[Exercise data Boundary: Start]

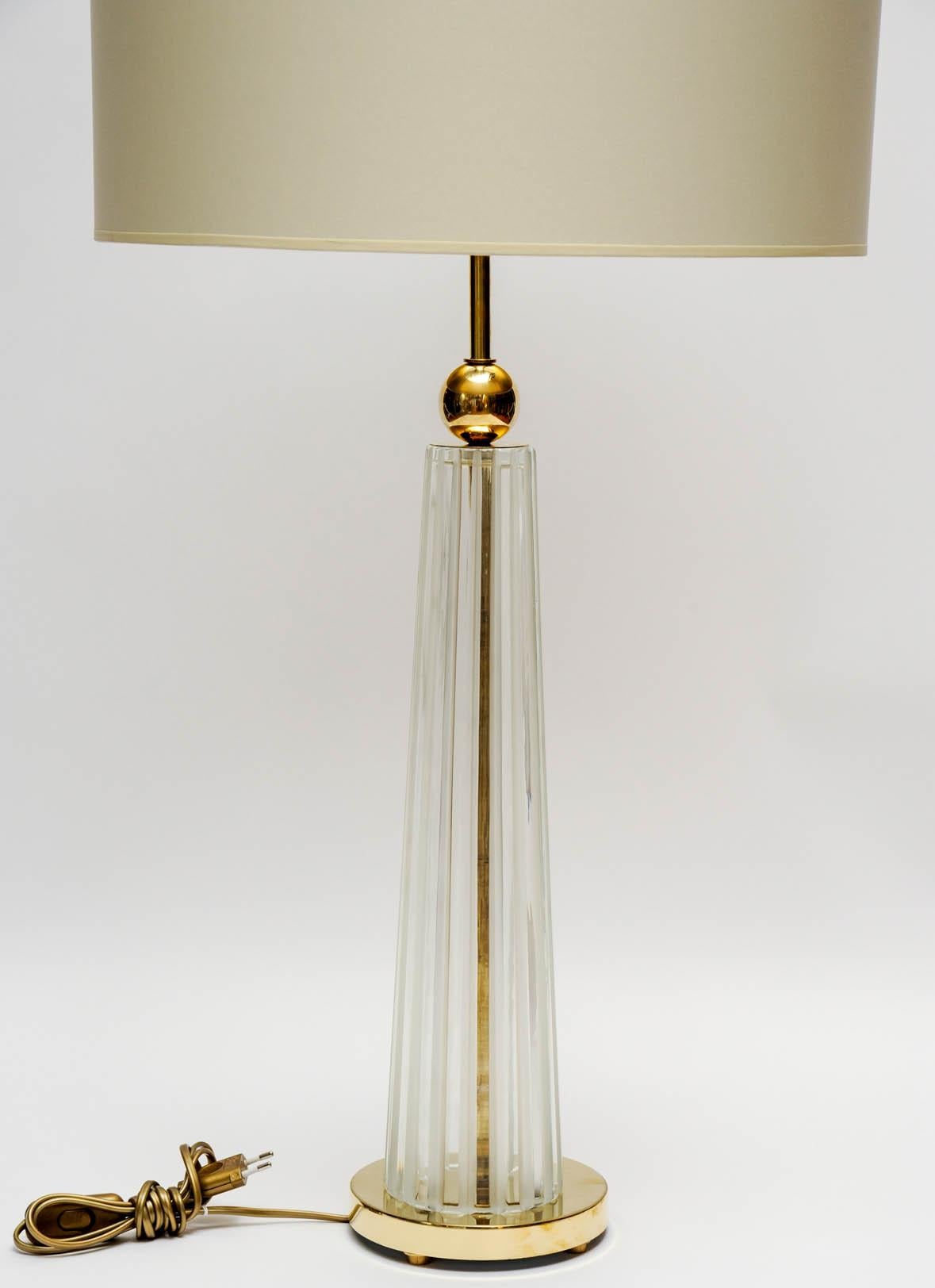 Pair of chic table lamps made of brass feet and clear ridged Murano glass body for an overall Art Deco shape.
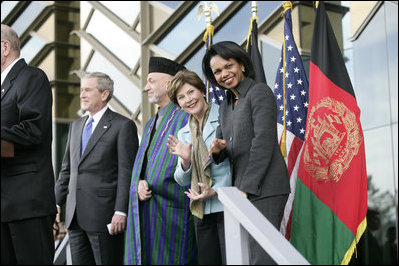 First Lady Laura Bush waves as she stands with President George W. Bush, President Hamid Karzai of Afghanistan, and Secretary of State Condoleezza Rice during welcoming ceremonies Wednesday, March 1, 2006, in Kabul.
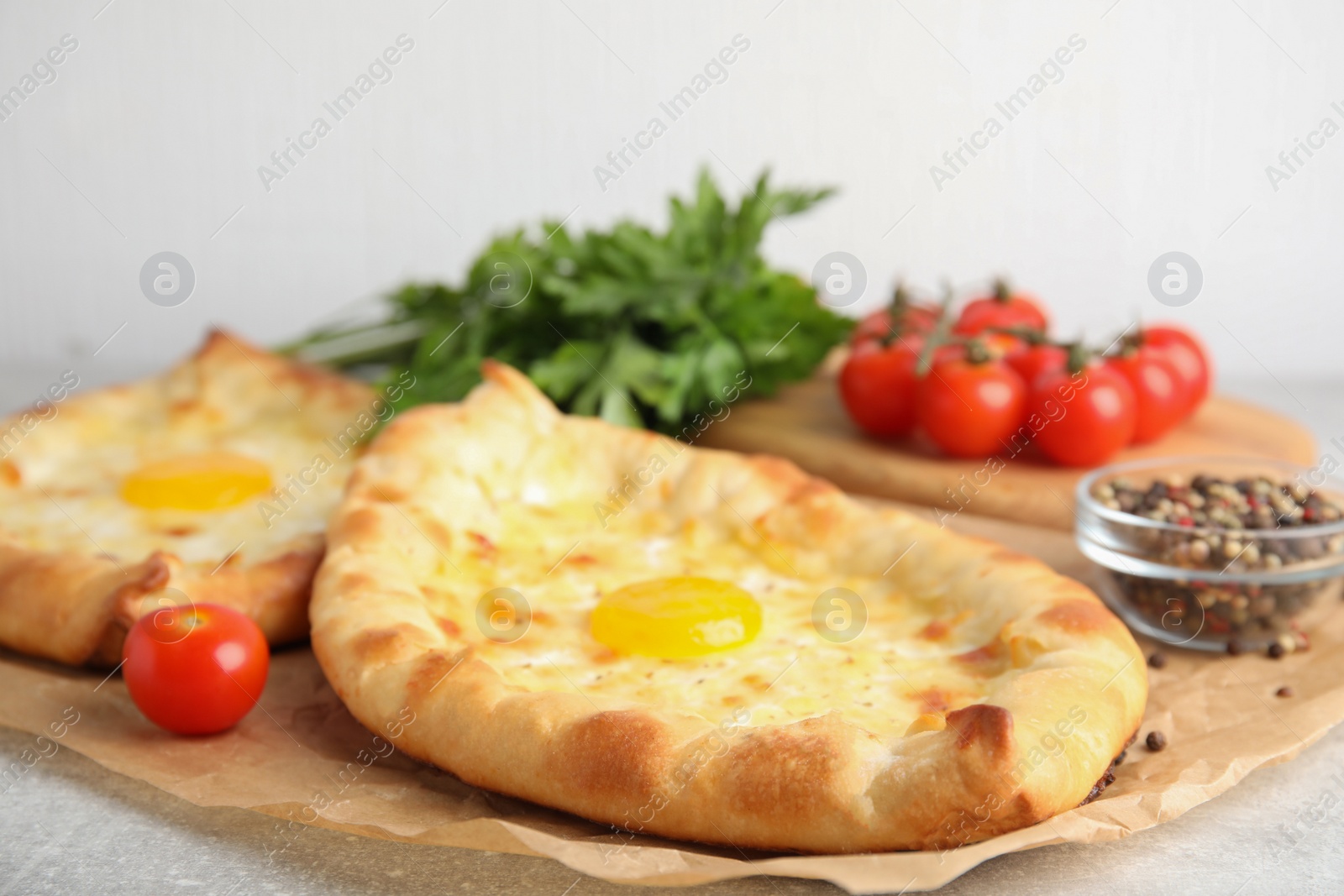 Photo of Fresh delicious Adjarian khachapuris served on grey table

[Exercise data Boundary: End]

**What the task asks:** Would you reproduce the lines above exactly, without carrying over the pictures?

**The answer:**
 Pair of chic table lamps made of brass feet and clear ridged Murano glass body for an overall Art Deco shape.
 First Lady Laura Bush waves as she stands with President George W. Bush, President Hamid Karzai of Afghanistan, and Secretary of State Condoleezza Rice during welcoming ceremonies Wednesday, March 1, 2006, in Kabul.
 Photo of Fresh delicious Adjarian khachapuris served on grey table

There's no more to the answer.